Advent Happens

Every year, as the days grow shorter and the pace of life seems to quicken, the Church turns its attention to Advent—a season often mistaken for simply “getting ready for Christmas.” But Advent is far more than preparation. It is a holy invitation to pause, to breathe, and to attend to the God who comes to us. The word itself—Adventus—means “arrival.” It points not to our movement toward God, but to God’s movement toward us.

This distinction is at the heart of Jürgen Moltmann’s theology of Adventus and Futurum. Moltmann, one of the great theologians of hope, reminds us that there are two very different ways of imagining the future. Futurum is the future we create through our plans, our striving, our effort—what results from the natural unfolding of what already is. It’s the kind of future we are tempted to obsess over this time of year: fixing, improving, organizing, achieving, making everything just right. It is a future built on our momentum.

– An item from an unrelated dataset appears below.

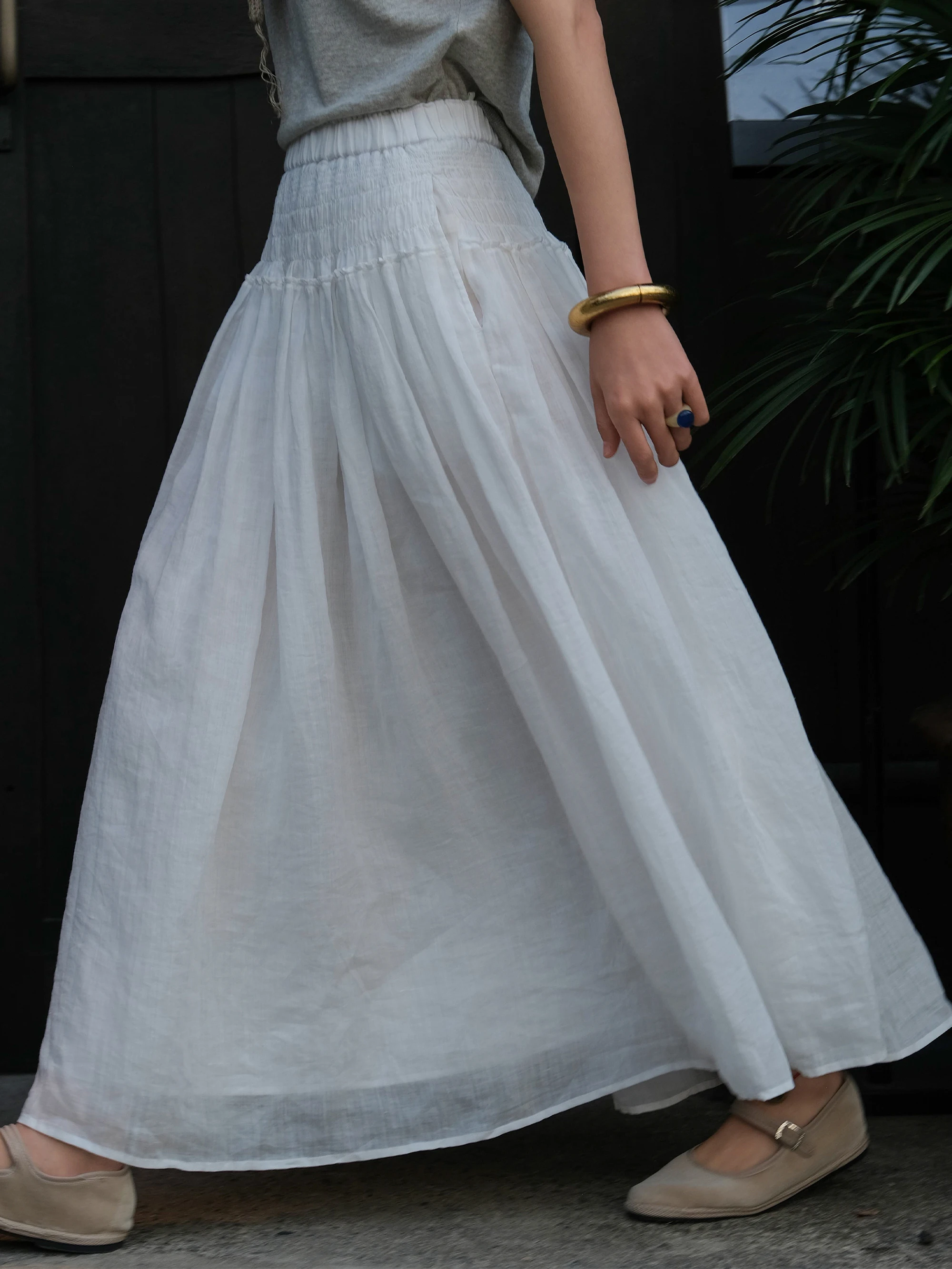 

Pure Silk Salt Shrub Wash High Density Draped Texture Ethereal Half Skirt by Ma Lin White Peony A-Line Midi Skirt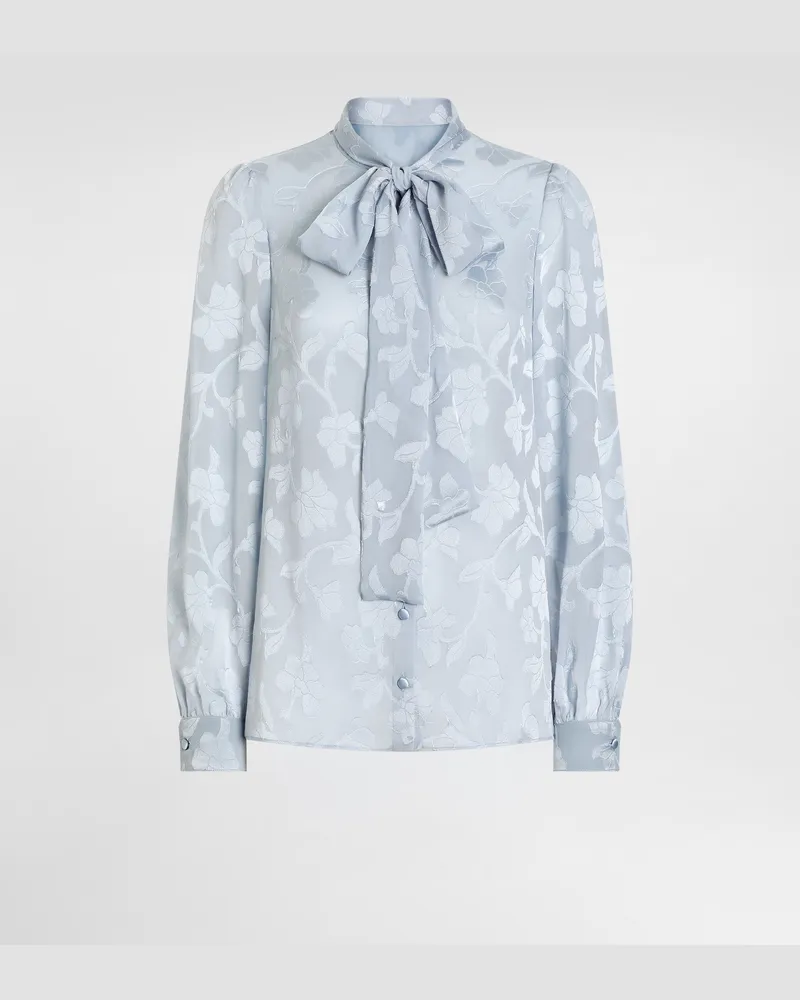 Dolce & Gabbana Fil-coupé-chiffonbluse Aus Floralem Jacquard - Frau Blusen Und Tops Azurblau Azurblau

But Adventus is something else entirely. Adventus is the future that arrives from the outside—from God. It comes as holy disruption, as surprise, as grace, as gift. It does not emerge from what we already have; it breaks in from beyond what we could imagine. For Moltmann, Adventus is the true Christian hope: the conviction that God is not waiting for us to build the world God desires. God is already on the move, already drawing near, already arriving in our midst.
This is what the season of Advent proclaims: the world is not saved by our striving but by God’s coming.
And so Advent gently calls us to resist the anxious, hurried logic of Futurum. The hectic schedule, the year-end pressures, the cultural whirl of shopping and noise—these tempt us to think that the meaning of the season depends on our effort. But Advent says the opposite. Advent invites us into quiet expectations, holy longing, and attentive waiting. Not passive waiting, but a hopeful openness to the One who comes.
In Jesus Christ, God arrives—first in a manger, in our struggles and joys, and one day in fullness. Advent teaches us to look back with gratitude, to live now with awareness, and to look forward with hope. Not the hope that we will make the future turn out, but the hope that God will.
This season, may we resist the temptation to think Advent is something we must “pull off.” Instead, let’s allow Advent to shape us into people who notice the quiet ways God is already arriving: in compassion, in shared meals, in acts of kindness, in the faces of friends and strangers, in the deep stillness of prayer.
Christian hope is not built on what we can predict or produce. It is built on the God who surprises us. The God who arrives. The God whose future interrupts our present with joy and consolation.
May this Advent season be, for all of us, a time not of striving, but of receiving—of watching and waiting for the Adventus of God in Jesus Christ.